# i introduced them! (photo heavy)



## ollieandme (Mar 25, 2013)

so a month was up and i was all to eager to introduce Ollie and Bjorn.
they surprised me by liking each other instantly. no fights, no snarls, no territorial aggression. Ollie was very happy to share her "favourite spots" with him, and he was very happy to use them  i'm so relieved they're friends. i thought introducing birds would be harder than this. it's funny - Ollie flies everywhere and then i take Bjorn to meet her. poor buddy can't fly...
so i took lots of pics to share with you! 

at first. Bjorn wanted to be near Ollie so they sat together.









playing in Ollie's basket playground (on top of a big bookcase )









eating out of Bjorn's foodbowl 

































then they went to the top of Ollie's cage.









and Bjorn squeaked for preening, and Ollie preened him!

























sitting together.









they went on a massive floor adventure. walked all the way from the lounge into the dining room - so gorgeous!









they tired each other out so they napped in Ollie's cage (which btw, Bjorn _loves_. 

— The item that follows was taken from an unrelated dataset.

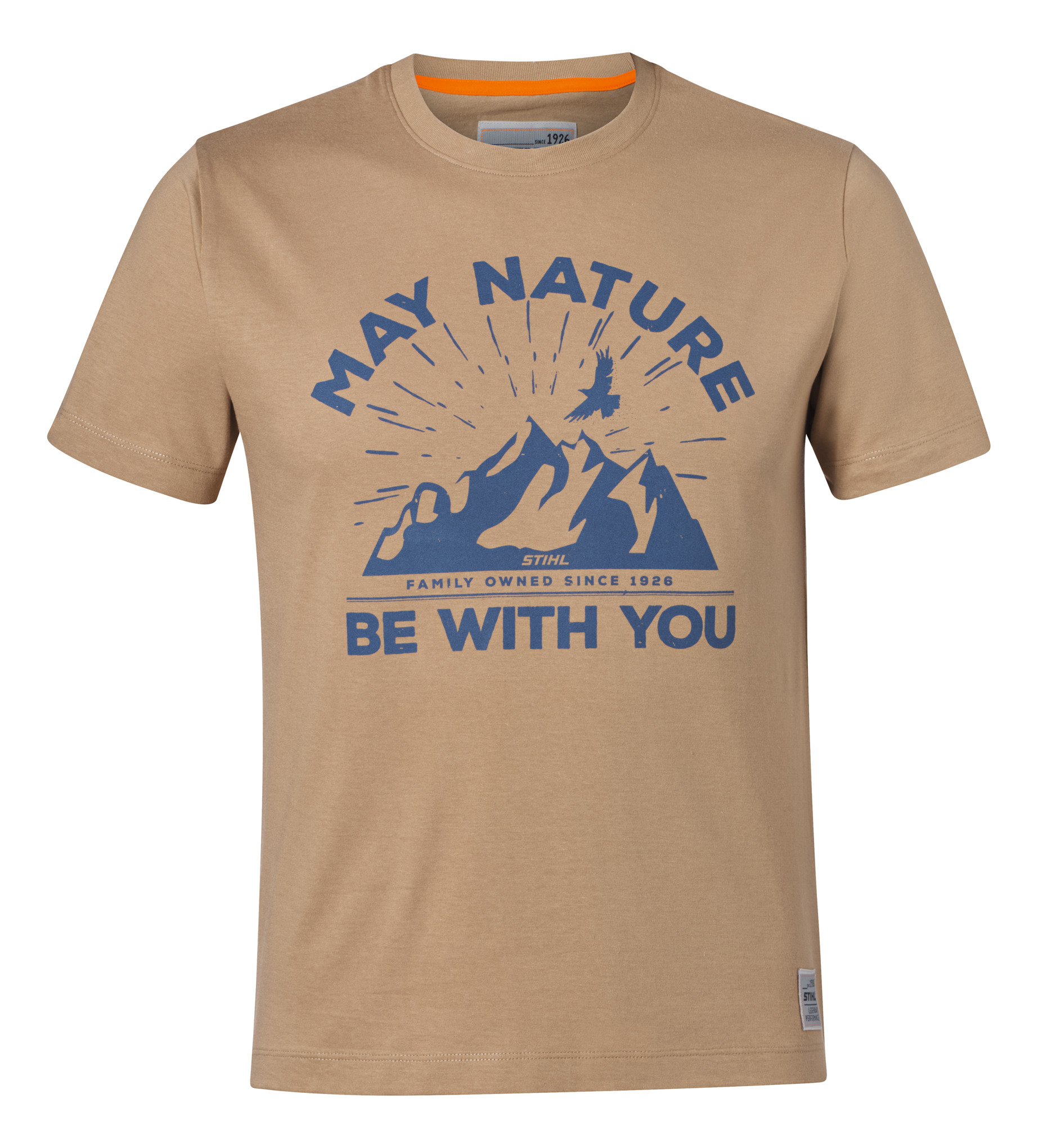 "MAY NATURE" t-shirt, Sand colour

and that's a rap. i'm so happy! Ollie has been so much busier since she met Bjorn. i gave Bjorn broccoli yesterday (ollie's never touched it) and Ollie ate it too! looks like my seed junkie might be getting braver


----------



## mikec2003 (May 28, 2011)

They are so cute together, yay for a new friendship!

Sent from my GT-P3113 using Tapatalk HD


----------



## Clair (Jul 31, 2012)

Awwwww! So cute!!!!


----------



## RowdyTiel (Jan 24, 2013)

They look so cute and happy together! Lol, congrats on controlling yourself through that quarantine! xD


----------



## Tarra (Dec 6, 2008)

Ohmygosh cutest overload!!! The preening pics nearly had me crying from all the mushy moments!!!  thats so great!


----------



## RowdyTiel (Jan 24, 2013)

Tarra said:


> Ohmygosh cutest overload!!! The preening pics nearly had me crying from all the mushy moments!!!  thats so great!

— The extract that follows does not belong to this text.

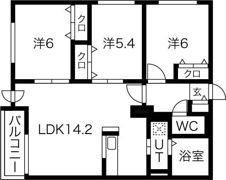 ZABO BLANC 12（ザボブラン）の間取り画像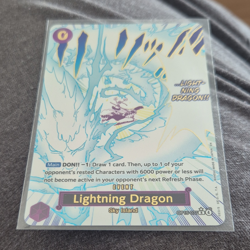 Bandai One Piece TCG Lightning Dragon OP15-077 Sky Island Alt Art EN - Image 1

I know! Right? They're just soooo cute!


----------



## ollieandme (Mar 25, 2013)

Tarra said:


> Ohmygosh cutest overload!!! The preening pics nearly had me crying from all the mushy moments!!!  thats so great!


my favourite one's the first one - where Ollie's like "um i've never done this before. i guess i'll give it a shot. which feather shall i choose??" lol


----------



## Tarra (Dec 6, 2008)

Haha i know, i'm really happy for you!


----------



## Loopy Lou (Jul 26, 2012)

That's great, they look like they're already bonding fantastically!

Love the preening pics <3


----------



## SunnyNShandy (May 24, 2012)

Wow- that is the cutest meeting story ever!! SOOO happy for you!


----------



## ollieandme (Mar 25, 2013)

thanks everyone  needless to say, they were exhausted the next day - slept most of the time haha.


----------



## ~SarahJayne~ (Oct 14, 2012)

So cute! 
I can't wait for quarantine to be over. Just over 2 weeks to go for us!


----------



## Tarra (Dec 6, 2008)

How long did you do quarantine?


----------



## ollieandme (Mar 25, 2013)

~SarahJayne~ said:


> So cute!
> I can't wait for quarantine to be over. Just over 2 weeks to go for us!

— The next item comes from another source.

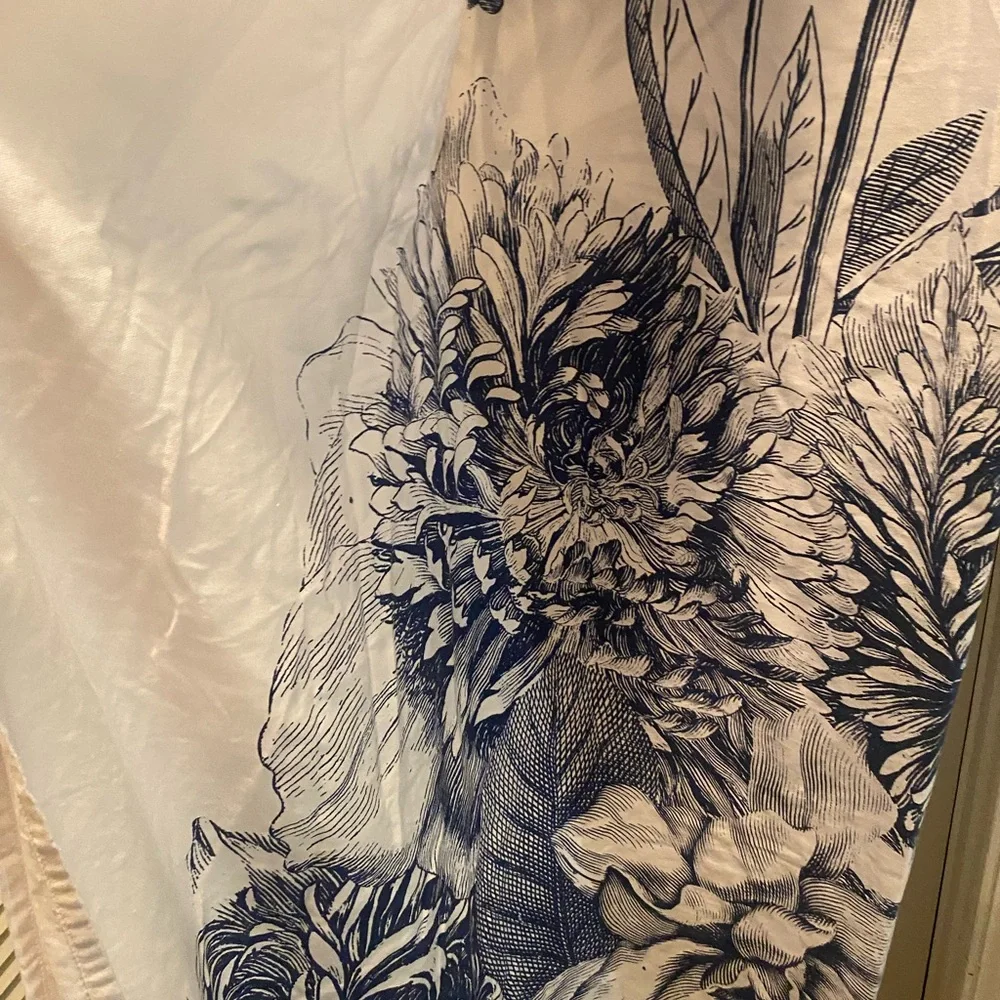 Common Thread Shower Curtain Floral Blue and White.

it's so fun introducing them. i hope munchkin and marshmallow get on well


----------



## Mezza (Feb 19, 2013)

OMG! ADORABLE! 
I love pic of them with their heads together. So snuggly. The first photos looks like Ollie is thinking 'who are you?'


----------



## MeanneyFids (Aug 24, 2010)

i'm envious that your two hit it off so quickly  they are so adorable together!


----------



## ollieandme (Mar 25, 2013)

MeanneyFids said:


> i'm envious that your two hit it off so quickly


how long does it normally take for them to be friends? cause i thought this was phenomenally fast. they slept in the same cage last night and didn't thrash at all! that's my good little birdies


----------



## MeanneyFids (Aug 24, 2010)

depends on the birds 

dally and tsuka have been together for 3 years, and they are merely flockmates, but they arent really "friends". they bicker from time to time, they do their own thing, they at least share okay for the most part. but they do not ever preen eachother. ollie and bjorn look like a bonded pair right off the bat, dally and tsuka are not bonded that way. it sure is something to see


----------



## ollieandme (Mar 25, 2013)

i really hope ollie and bjorn are bonded  bjorn keeps begging ollie for scritches and she ignores him haha. she has to, to maintain sanity. he'd spend the whole day scritching if he could! is it normal that they can't be more than 30 cm apart?!? they trail each other everywhere!


----------



## MeanneyFids (Aug 24, 2010)

it does sound like your two are bonded. they make a happy couple


----------



## moonchild (Jul 29, 2012)

That is so awesome! None of mine like each other that much, lol. They are really cute together.


----------



## anthrogirl80 (Jun 2, 2012)

Lucky you to have them love each others from the moment they met.

Kevin and Jesse, like dally and Stuka, are merely flock mates. At least they can share a perch now...sometimes.

Your two look adorable together.


Sent from my iPad using Tapatalk HD


----------



## urbandecayno5 (Oct 24, 2012)

I'm so glad they get along so well
Those are the cutest pictures


----------



## ollieandme (Mar 25, 2013)

Tarra said:


> How long did you do quarantine?


for a month


----------



## nikol witch (Mar 2, 2010)

Lovely tiels.


----------



## raazi (May 3, 2013)

Wow , for me it took almost 2 month .whenever my female cockatiel comes neat smoke (male) he gives her a bite on leg .now they are way too bonded and having their first clutch of three beautiful eggs ^_^


----------



## dearblythe (Nov 15, 2012)

the preening and the bowing of heads is just too cute. so glad they're good friends! 

i wish my babies would be like that. they tolerate each other, but like their personal space. they do flockcall eachother when one is out of the room though.


----------